Conrad revela naufrágio da civilização

MARCELO PEN
CRÍTICO DA FOLHA

Na gênese do cinema havia o trem. Basta lembrar de "A Chegada de um Trem à Estação", que assombrou a primeira exibição pública do "cinematographe" dos irmãos Lumière, em 1895. Da mesma forma, é possível pensar no navio como veículo iniciático do romance burguês, desde "Robinson Crusoé" (1719), de Daniel Defoe.
Os aspectos realistas, psicológicos e ideológicos contidos na obra de Defoe levaram a ficção a um novo patamar. Foram necessários quase duzentos anos para que a navegação, associada à busca do ser humano por algo que ele não sabe bem o que é, viesse a público com uma nova e -assustadora- feição. Em Joseph Conrad (1857-1924), vemos como essa busca oculta uma falácia.
O relato de Defoe baseou-se num caso real de naufrágio sofrido por um escocês. Já as histórias de Conrad derivam de sua própria vida. De origem polonesa, juntou-se à marinha mercante francesa e depois à britânica. Contrabandeou armas para a Espanha. Esteve em Sydney, Bombaim, Congo (sua experiência como capitão de um vapor fluvial serviu de mote para "O Coração das Trevas") e no arquipélago da Malásia.
Estas "Duas Histórias" inéditas de Conrad tratam do tema do conflito entre a civilização conquistadora e os povos conquistados, ditos primitivos, com que ela se depara. No primeiro conto um grupo de contrabandistas de armas trava amizade com um chefe de tribo malaio, que tem, literalmente, um caso pessoal de assombração para contar.
No segundo, chamado de "Um Posto Avançado do Progresso", dois comerciantes cuidam de um entreposto -e enlouquecem- no interior da África. Certa altura, um personagem lê artigo que fala da "expansão colonial". O periódico louva a "natureza sagrada do trabalho da civilização" e "os méritos daqueles que se ocupavam em levar luz, fé e comércio aos lugares obscuros do planeta". Desde Defoe, o comércio é visto como aliado do avanço civilizador.
Mas a afirmação do conto de Conrad é irônica. O escritor mostra como a civilização deixou-se tingir pelas forças "obscuras", que nem são tanto do outro, do colonizado incivil, mas de si própria. Assassinato e comércio de escravos são alguns dos "pecados" em que incorrem os negociantes.
O contraponto, no primeiro conto, é mais brando.

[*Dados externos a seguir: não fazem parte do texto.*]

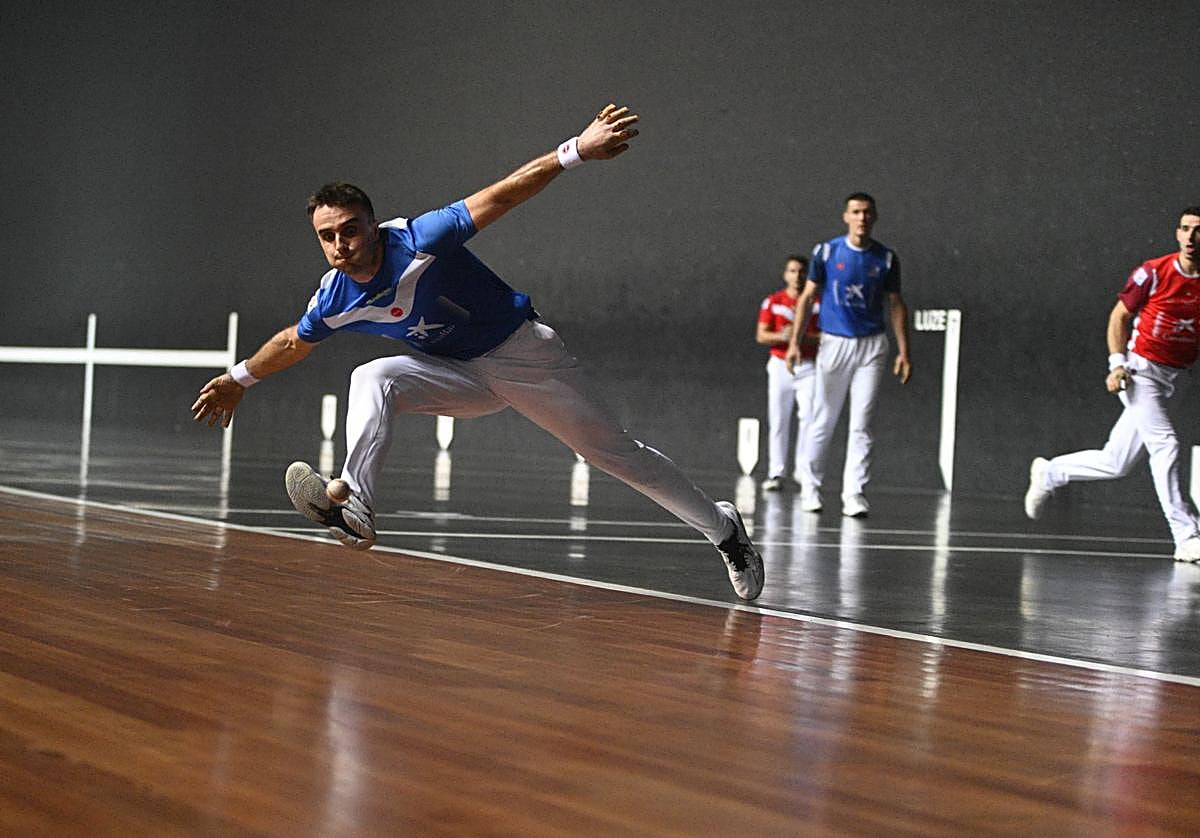 Peña II se estira para alcanzar la pelota en el Izarraitz ante Imaz, Rezusta y Altuna III.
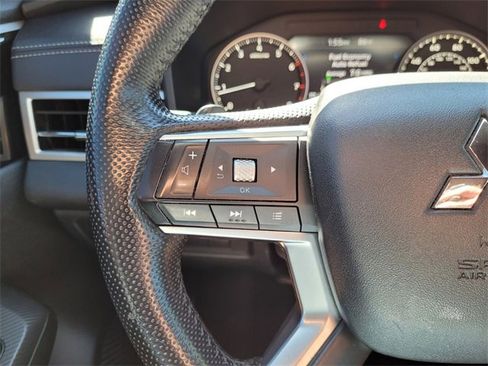 Used 2022 Mitsubishi Outlander SE image 31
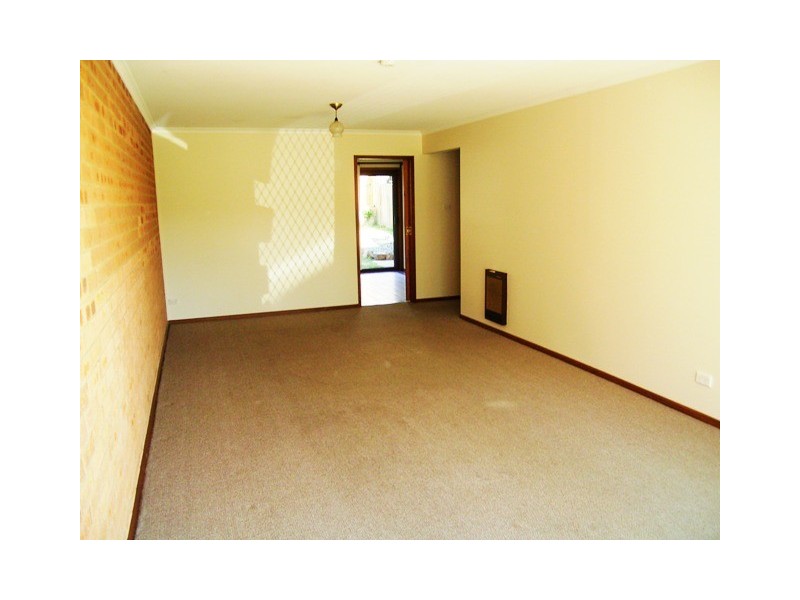 15 McElhone Court, Belconnen ACT 2617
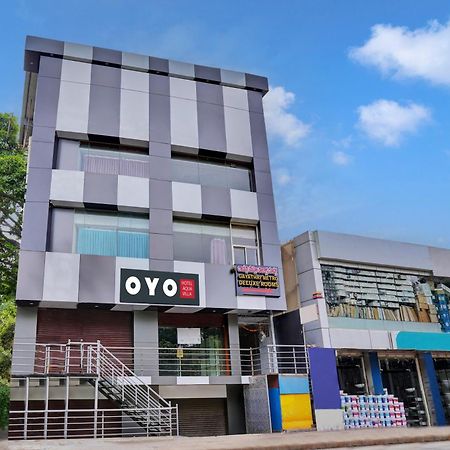 Hotel O Gayathri Metro Deluxe Bangalore Exterior photo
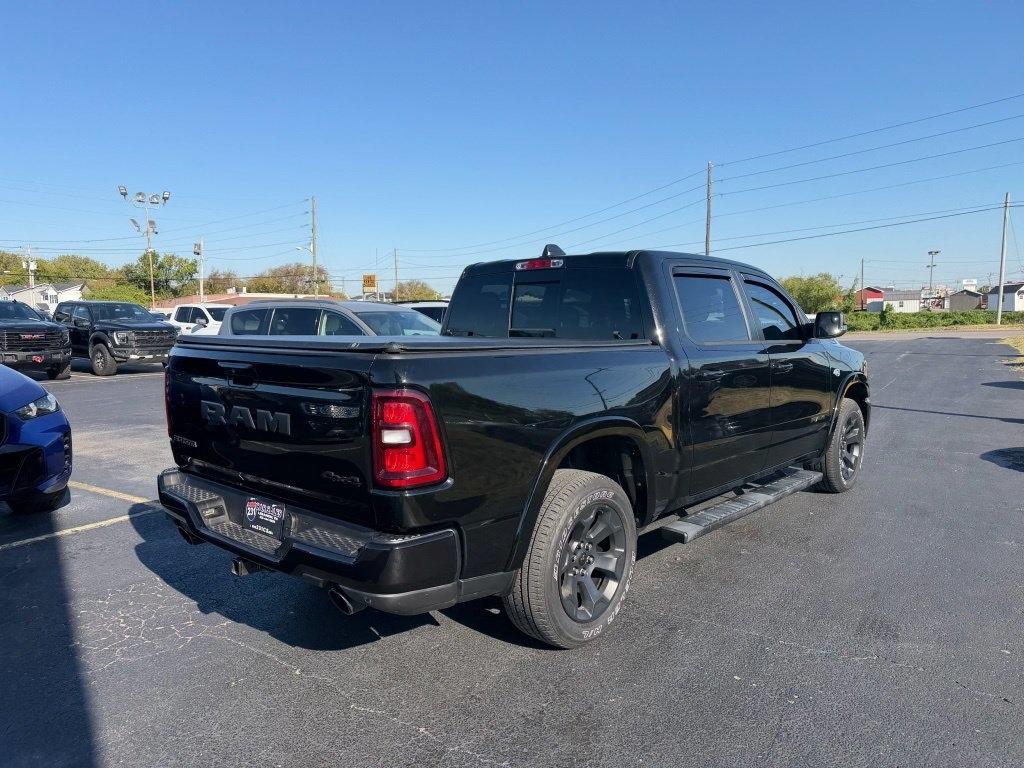 RAM 1500 Big Horn Crew Cab 4WD 2026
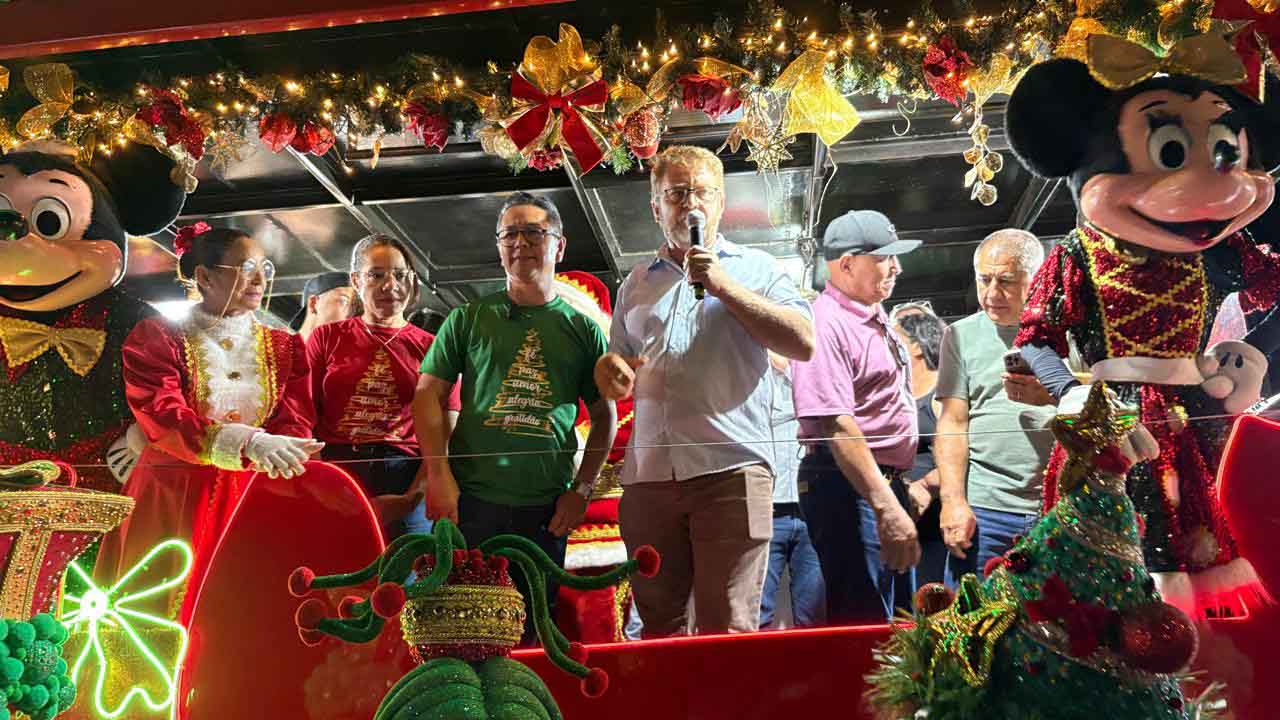 Papai Noel é recebido com festa e luzes em Jardim Alegre
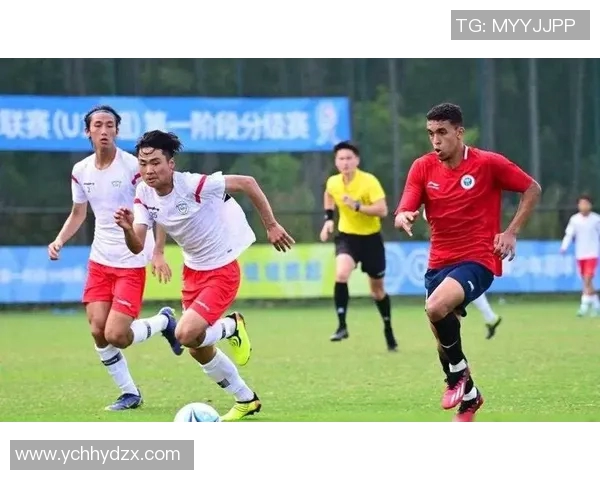 缅甸与中国U19足球队激战正酣谁能在青春赛场上笑到最后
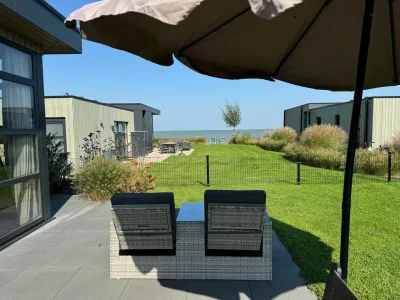 Holiday house Chalet Sonnenplätzchen mit Zaun Zweite Reihe Haus Nr. 229 in Enkhuizen - Holiday house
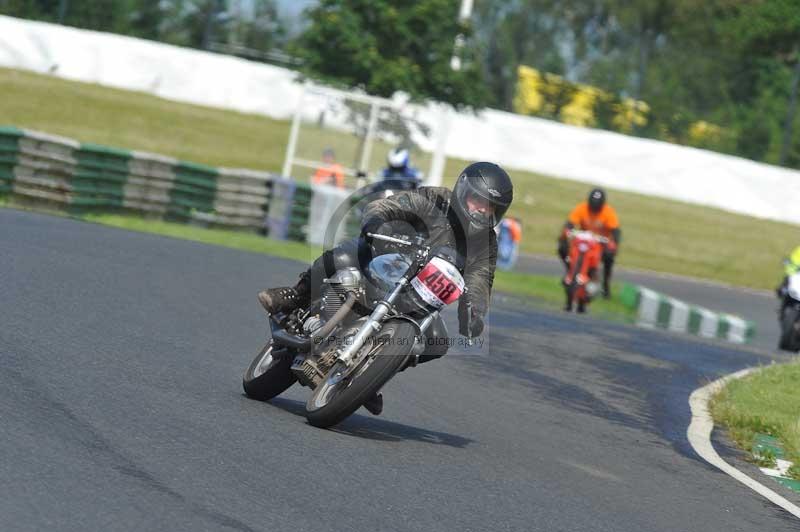 Mallory park Leicestershire;Mallory park photographs;Motorcycle action photographs;classic bikes;event digital images;eventdigitalimages;mallory park;no limits trackday;peter wileman photography;vintage bikes;vintage motorcycles;vmcc festival 1000 bikes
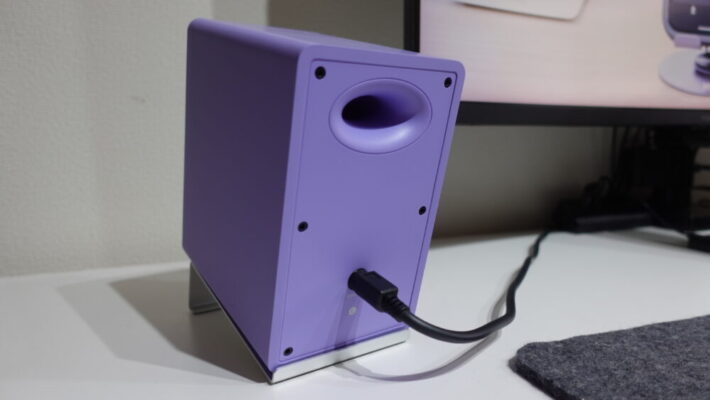 M60の背面デザインもsimple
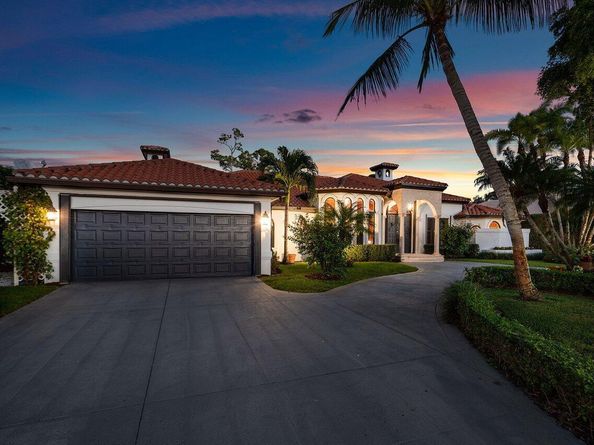 598 N Country Club Drive, Atlantis FL 33462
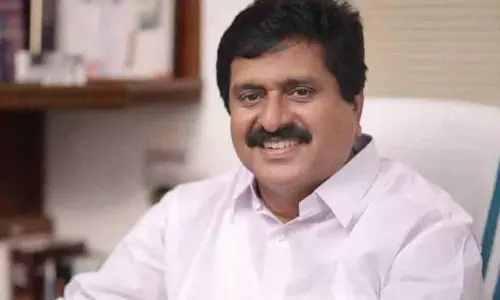 എന്നെ മാത്രം എന്തുകൊണ്ട് വേട്ടയാടുന്നു?; മാധ്യമങ്ങളോട് വി.എസ് ശിവകുമാർ എന്നെ മാത്രം എന്തുകൊണ്ട് വേട്ടയാടുന്നു?; മാധ്യമങ്ങളോട് വി.എസ് ശിവകുമാർ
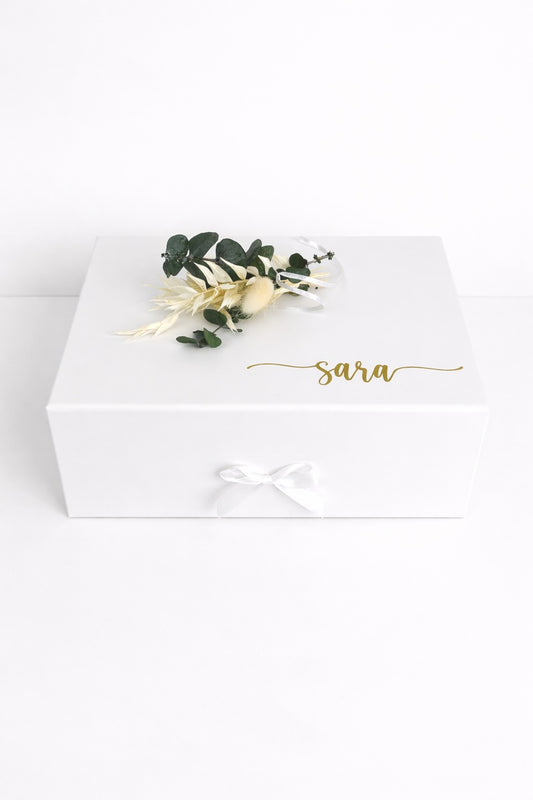Personalisierte Trauzeugin Geschenkbox in Weiß mit Name „Sara“, Trockenblumen und Schleife auf hellem minimalistischem Hintergrund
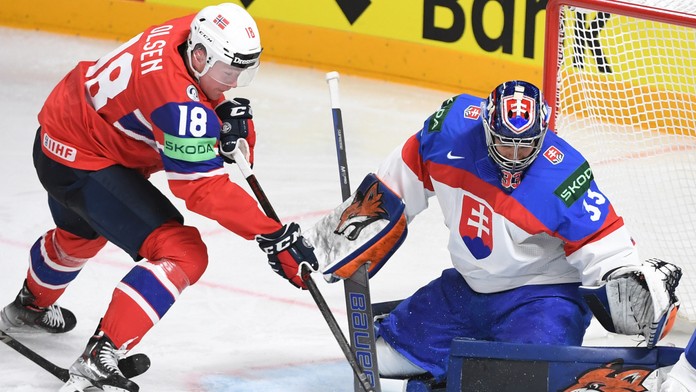 Brankári mali byť našou slabinou. Jeden z nich napokon medzi tromi najlepšími gólmanmi turnaja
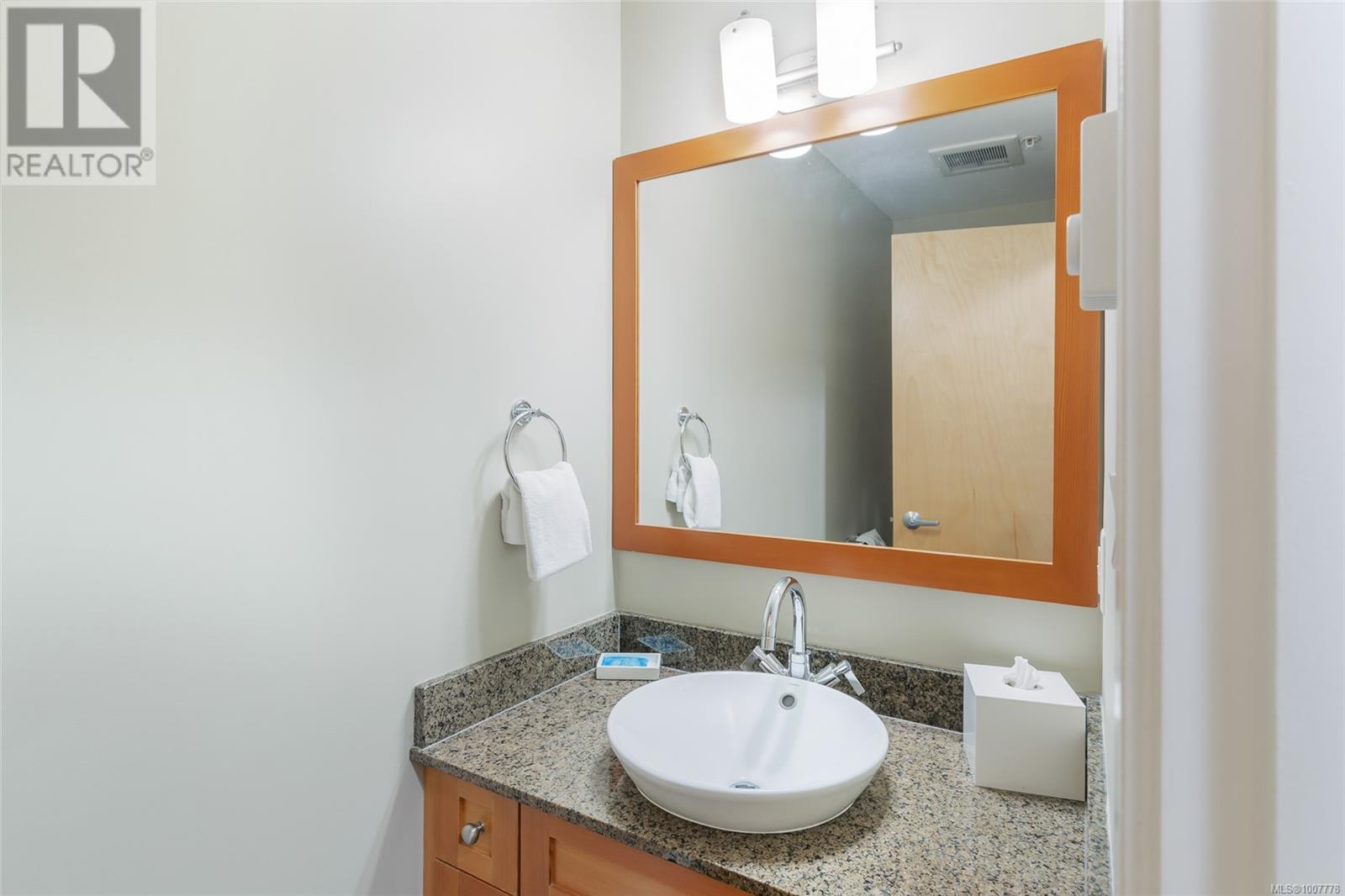 214/213D 181 Beachside Dr, Parksville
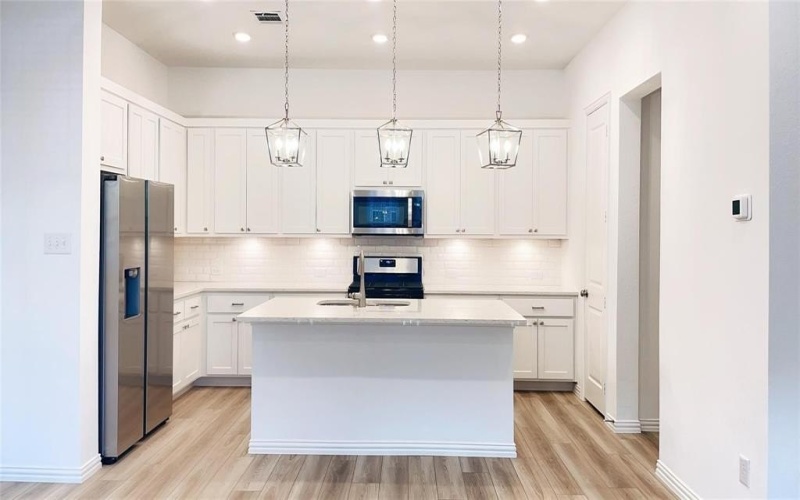 2233 Adena Springs Drive, Allen, TX 75013, 3 Bedrooms Bedrooms, ,2 BathroomsBathrooms,Residential Lease,For Rent,2233 Adena Springs Drive,20865675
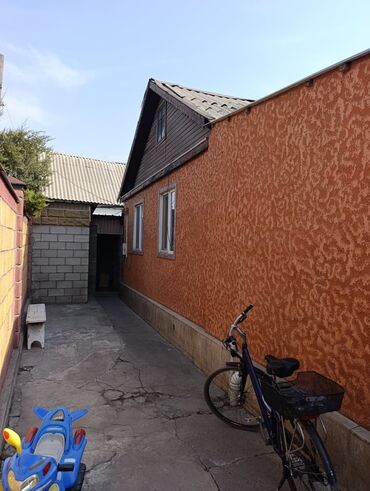 мансарт дом: Продаётся частный дом с мебелью,в связи с переездом. обмен не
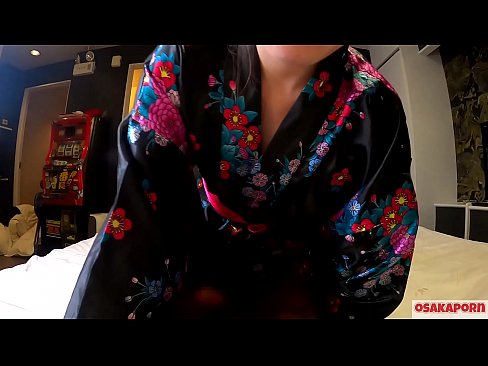 ❤️ Mlado cosplay dekle obožuje seks do orgazma s squirtom v konjušnici in blowjobom. Azijsko dekle z dlakavo pičko in lepimi joški v tradicionalni japonski noši v amaterskem videoposnetku, ki prikazuje masturbacijo z erotičnimi igračami. Sakura 3 OSAKAPORN. ❤️❌ Sex video pri nas ❤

O nativo sente-se perseguido pelo fantasma de um companheiro que atraiçoou. Ele pede aos ingleses um amuleto protetor e ganha uma moeda com a efígie da rainha Vitória.Um dos contrabandistas diz, sobre essa senhora: "Ela comanda um espírito, também -o espírito da sua nação; um espírito dominador...".
No epílogo ambíguo, os ingleses estão de volta a seu país, e confrontam esse espírito, plasmado na terra devastada da paisagem londrina, com a crença do malaio nos poderes sobrenaturais: "Uma linha de placas amarelas com letras azuis aproximou-se vagarosamente de nós balançando-se alto, uma após a outra, como destroços de navios naufragados, flutuando à deriva sobre um rio de chapéus".
À navegação, Conrad contrapõe o naufrágio (da civilização), insinuado no trecho acima. Se o navio representa o domínio implacável do conquistador, o naufrágio abeira o ser humano de seu espelho mais negro, revelando o logro de sua confiança. É a partir dessa desilusão provocada pelo retrato de alcance mais aproximado que o romance -ou, de todo modo, a ficção moderna- pode enfim começar.


Duas Histórias
    
Autor: Joseph Conrad
Tradutora: Julieta Cupertino
Editora: Revan
Quanto: R$ 22 (116 págs.)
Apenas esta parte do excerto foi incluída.